Sounds like you probably need to UNION them (ie not join). When you do this, Tableau will create another column (called SheetName from memory, but I might be wrong) and that will let you filter to one file, multiple files or all files.
But if I union the files I am going to double counting some loans.
I am looking at Loans in June, July and August.
I want to be able to fully compare the months without double counting any data. Some loans will be in June, July and August, some only in June, some only July, etc.. If I union the 3 files i will double counting some loans when comparing everything. Is there a way not to do that?
Appreciate all the help.
That all depends on your data structure and at the moment we're (sorta) guessing a solution based on the information that you provided.
Are you using Tableau 2018.x ? Then you might be able to use Tableau Prep in order to help the situation and shape of the data.
If you're using an older version of Tableau, consider upgrading or providing some DUMMY data along with requirements of what you want to achieve and someone will be able to help you
Thanks Chris. I am currently using Tableau 10.5, which is the offered by company.
So, I have attached 3 dummy files (June, September and December). Keep in mind that these are very very small compared to what i plan to use.
I am trying to compare the state of the portfolio between June, September and December without double counting anything. For example some loans are in the 3 files but their characteristics change over time. Some loans are only on a few filles.
Example of a few comparisons (trying to make it in the same chart)
- number of loans delinquent in each period
- number of loans past due in each period
- avg balance outstanding in each period
- avg APR in each period
- number of loans in each credit category
Just to name a few. But like I said the main thing is having the ability to use the data within double counting and adding different data sources within same worksheet.
Thanks for all the help
Miguel, could you give an example of what the 'periods' are that you may look at? A single month, multiple months, a whole year..
I've attached a file with all three periods as sheets - you don't need to do this to union them, but it makes it easier for us here.
June Data.xlsx 10.2 KB
A period is going to be each month. I cannot add the files in each sheet of excel because they are too big for excel. I just use dummy data. My actual files are in txt.
So i need to be able to add 3 or more files and analyze them completely separate.
Thanks for the help.
So, the fact they are three large text files is no issue - you just use the wildcard union capability (Union Your Data). If there's no date identifier in there, Tableau adds a column anyway with the filename - this is what I've used in the example below.
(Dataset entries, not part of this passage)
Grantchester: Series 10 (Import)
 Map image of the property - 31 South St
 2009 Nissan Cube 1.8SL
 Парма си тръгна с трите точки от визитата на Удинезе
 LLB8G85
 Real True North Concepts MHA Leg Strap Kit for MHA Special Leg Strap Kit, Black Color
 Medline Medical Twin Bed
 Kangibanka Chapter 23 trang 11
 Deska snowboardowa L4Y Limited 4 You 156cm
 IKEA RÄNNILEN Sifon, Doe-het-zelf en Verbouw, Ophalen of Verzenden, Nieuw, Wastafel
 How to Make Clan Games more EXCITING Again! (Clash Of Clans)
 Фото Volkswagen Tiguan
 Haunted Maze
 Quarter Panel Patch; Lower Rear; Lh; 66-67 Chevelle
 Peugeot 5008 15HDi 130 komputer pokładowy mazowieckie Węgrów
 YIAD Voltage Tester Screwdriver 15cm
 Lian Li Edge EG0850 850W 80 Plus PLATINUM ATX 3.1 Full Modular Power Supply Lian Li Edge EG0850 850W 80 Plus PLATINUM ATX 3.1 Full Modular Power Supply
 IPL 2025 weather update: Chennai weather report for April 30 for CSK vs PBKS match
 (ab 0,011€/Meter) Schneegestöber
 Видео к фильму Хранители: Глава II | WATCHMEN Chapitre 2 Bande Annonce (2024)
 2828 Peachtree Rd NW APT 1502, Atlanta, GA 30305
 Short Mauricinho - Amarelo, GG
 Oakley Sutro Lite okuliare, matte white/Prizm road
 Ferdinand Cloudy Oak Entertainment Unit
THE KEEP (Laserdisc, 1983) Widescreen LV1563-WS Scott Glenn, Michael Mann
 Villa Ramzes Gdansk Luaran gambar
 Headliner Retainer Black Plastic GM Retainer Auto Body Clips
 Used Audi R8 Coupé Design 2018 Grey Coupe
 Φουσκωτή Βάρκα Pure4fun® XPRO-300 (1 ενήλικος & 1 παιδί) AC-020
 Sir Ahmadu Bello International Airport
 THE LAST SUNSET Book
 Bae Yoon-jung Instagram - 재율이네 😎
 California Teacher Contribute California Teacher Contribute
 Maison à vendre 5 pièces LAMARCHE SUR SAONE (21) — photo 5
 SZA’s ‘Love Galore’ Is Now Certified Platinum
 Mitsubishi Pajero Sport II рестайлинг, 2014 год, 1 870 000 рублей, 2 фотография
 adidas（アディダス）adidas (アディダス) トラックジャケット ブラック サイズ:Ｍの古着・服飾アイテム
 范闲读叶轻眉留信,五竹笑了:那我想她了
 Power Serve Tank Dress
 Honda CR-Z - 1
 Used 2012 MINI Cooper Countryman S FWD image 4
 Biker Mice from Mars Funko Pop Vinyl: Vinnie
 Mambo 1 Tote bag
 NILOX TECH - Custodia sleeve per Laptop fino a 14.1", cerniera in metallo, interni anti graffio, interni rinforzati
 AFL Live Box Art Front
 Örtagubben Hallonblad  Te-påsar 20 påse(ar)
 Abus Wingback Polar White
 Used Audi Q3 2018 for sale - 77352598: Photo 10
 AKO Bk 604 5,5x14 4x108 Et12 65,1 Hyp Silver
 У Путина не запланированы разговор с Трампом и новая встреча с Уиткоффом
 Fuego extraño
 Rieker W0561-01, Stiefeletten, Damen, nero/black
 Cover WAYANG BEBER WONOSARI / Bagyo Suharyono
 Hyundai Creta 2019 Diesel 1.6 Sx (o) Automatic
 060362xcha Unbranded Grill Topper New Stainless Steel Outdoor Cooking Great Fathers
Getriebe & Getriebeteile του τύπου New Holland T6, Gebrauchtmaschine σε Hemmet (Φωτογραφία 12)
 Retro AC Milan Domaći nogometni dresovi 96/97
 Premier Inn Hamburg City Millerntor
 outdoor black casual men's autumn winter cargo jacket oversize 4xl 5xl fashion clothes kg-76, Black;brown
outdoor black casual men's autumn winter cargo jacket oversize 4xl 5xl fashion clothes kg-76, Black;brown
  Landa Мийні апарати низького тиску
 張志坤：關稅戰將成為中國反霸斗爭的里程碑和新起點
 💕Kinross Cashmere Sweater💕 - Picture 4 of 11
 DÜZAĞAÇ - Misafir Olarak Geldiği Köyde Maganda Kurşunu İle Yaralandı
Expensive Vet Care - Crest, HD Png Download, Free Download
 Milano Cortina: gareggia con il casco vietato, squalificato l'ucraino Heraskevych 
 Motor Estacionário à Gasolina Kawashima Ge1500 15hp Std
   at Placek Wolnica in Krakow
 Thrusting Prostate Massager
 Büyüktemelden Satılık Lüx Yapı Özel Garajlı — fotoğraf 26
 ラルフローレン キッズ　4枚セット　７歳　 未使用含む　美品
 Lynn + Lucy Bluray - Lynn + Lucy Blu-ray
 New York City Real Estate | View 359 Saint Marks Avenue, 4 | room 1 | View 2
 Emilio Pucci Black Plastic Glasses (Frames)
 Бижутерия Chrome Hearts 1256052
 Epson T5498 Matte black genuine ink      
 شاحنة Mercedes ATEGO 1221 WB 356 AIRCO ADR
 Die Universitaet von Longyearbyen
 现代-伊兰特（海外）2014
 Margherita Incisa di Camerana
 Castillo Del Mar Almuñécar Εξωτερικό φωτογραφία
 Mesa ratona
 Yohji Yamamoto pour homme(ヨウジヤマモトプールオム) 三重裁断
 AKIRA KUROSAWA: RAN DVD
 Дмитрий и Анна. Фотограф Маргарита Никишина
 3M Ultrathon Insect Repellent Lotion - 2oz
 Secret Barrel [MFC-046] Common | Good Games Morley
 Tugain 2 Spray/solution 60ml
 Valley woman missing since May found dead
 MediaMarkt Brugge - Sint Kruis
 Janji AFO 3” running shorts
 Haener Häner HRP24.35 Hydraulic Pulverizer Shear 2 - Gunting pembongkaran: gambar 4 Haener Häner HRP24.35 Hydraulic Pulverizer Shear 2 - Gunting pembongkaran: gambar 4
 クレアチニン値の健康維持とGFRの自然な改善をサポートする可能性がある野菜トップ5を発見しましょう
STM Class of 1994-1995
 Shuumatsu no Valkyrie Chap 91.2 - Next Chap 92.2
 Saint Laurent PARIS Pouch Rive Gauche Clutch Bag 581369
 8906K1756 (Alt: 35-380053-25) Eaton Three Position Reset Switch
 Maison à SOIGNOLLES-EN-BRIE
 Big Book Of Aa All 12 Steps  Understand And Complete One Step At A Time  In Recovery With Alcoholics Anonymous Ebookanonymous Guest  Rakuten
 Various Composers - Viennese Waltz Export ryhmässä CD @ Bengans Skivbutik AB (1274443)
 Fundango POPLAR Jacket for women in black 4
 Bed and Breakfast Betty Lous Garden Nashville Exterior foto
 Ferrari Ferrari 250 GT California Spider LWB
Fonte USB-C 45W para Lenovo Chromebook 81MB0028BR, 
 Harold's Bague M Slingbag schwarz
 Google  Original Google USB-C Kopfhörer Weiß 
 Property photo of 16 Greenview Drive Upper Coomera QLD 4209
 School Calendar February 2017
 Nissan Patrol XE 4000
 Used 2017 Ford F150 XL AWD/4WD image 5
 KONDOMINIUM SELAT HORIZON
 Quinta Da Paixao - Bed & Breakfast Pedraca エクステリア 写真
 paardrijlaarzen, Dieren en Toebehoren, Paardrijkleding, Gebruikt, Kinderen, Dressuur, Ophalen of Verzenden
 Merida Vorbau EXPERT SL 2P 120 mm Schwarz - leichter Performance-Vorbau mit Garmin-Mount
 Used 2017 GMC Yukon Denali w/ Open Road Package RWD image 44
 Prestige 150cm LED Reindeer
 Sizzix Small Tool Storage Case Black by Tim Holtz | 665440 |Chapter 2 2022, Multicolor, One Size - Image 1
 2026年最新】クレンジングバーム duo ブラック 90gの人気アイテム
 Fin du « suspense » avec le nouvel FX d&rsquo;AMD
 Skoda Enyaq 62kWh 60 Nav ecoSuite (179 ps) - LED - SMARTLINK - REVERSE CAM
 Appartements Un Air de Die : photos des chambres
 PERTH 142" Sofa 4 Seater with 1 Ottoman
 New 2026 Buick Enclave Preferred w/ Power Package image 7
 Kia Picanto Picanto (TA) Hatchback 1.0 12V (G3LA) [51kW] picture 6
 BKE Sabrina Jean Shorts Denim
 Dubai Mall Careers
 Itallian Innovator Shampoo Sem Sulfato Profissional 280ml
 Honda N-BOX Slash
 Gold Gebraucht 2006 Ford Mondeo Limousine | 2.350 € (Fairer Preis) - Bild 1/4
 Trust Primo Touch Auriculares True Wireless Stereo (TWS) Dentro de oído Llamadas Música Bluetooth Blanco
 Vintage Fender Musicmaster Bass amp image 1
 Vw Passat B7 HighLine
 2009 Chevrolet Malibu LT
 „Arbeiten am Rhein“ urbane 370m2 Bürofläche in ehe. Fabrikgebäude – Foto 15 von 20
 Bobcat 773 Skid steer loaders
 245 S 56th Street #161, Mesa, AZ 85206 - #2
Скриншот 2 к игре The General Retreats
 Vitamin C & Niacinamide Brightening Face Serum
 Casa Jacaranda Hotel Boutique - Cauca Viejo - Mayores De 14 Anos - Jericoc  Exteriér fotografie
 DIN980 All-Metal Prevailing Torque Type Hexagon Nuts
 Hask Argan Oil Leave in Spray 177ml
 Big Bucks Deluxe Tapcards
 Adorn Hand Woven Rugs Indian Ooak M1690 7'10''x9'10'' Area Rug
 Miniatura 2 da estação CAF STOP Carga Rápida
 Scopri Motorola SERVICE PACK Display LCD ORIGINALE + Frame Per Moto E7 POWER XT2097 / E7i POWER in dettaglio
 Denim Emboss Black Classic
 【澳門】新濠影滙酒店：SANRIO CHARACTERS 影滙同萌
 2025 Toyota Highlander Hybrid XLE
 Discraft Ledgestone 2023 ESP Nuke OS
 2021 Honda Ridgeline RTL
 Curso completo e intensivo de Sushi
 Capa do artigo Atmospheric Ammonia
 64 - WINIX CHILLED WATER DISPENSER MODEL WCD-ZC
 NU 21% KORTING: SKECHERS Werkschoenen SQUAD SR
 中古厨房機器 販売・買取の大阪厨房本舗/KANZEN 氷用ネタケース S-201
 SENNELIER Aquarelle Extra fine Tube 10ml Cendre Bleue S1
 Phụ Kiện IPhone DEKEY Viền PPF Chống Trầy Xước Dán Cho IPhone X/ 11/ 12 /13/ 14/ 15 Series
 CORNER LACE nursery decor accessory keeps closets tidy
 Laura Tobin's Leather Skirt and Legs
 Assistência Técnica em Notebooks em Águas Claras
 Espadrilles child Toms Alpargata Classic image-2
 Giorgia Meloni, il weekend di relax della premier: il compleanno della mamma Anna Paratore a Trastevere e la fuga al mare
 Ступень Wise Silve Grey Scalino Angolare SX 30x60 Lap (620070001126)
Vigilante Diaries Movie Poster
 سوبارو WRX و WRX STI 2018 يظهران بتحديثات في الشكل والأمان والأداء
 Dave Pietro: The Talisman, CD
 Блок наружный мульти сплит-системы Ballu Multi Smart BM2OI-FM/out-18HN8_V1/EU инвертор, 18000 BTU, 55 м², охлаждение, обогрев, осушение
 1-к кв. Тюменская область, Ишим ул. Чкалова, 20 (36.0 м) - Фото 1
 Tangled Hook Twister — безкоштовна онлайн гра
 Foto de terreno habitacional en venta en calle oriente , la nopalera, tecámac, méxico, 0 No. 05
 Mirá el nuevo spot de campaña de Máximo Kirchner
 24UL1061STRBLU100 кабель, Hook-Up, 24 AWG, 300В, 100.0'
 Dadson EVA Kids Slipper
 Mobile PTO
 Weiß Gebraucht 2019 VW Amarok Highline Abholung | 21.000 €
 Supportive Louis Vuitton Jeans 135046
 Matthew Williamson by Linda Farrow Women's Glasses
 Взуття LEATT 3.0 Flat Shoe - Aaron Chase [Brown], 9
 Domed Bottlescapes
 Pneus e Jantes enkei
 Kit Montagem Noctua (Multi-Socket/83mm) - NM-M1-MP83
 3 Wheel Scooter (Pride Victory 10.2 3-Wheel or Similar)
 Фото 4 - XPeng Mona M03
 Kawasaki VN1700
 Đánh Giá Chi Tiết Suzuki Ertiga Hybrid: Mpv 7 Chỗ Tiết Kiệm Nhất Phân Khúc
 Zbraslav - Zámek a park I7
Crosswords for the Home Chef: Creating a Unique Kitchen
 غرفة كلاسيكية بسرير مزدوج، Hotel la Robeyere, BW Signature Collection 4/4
There's nothing complicated in here - I'm using countd to count the loans - if there's truly only one row per loan per file, then even that isn't necessary if you break out the data by the time periods defined by the files.
If you wanted different time periods, or there are multiple rows per loan per file, that gets more complex (and we'd need to know more - e.g. what defines delinquent if it was only delinquent for part of the time period)
I've also assumed 1 to 30 days as past due, >30 for delinquent.
loan data.twbx 17.1 KB
Thanks Alex. I could not open your table sheet for some reason. Maybe if I see your Tableau that will help!
Each loan is a row all the time. But the problem is that multiple loans will be there in each file and should be analyze differently. So if union the files i am double counting and cannot analyze simultaneously. For example, if a loan is past due at June but current in September.
Appreciate all your help!
I tried this one and still give me the error about created in a newer version.. weird!
Alex - thanks so much. This has helped. I see what you did here.
I found another way using what you did without adding calculated fields as well.
Wonder how quick this work if add about 10M lines.. any idea? Each of my files has about 1.6M lines and a lot of fields. I am going to use Alteryx to skim the data but was curious how Tableau would react with so much data
Miguel Cortez wrote:
I am going to use Alteryx to skim the data but was curious how Tableau would react with so much data
Why didn't you say that in the beginning ?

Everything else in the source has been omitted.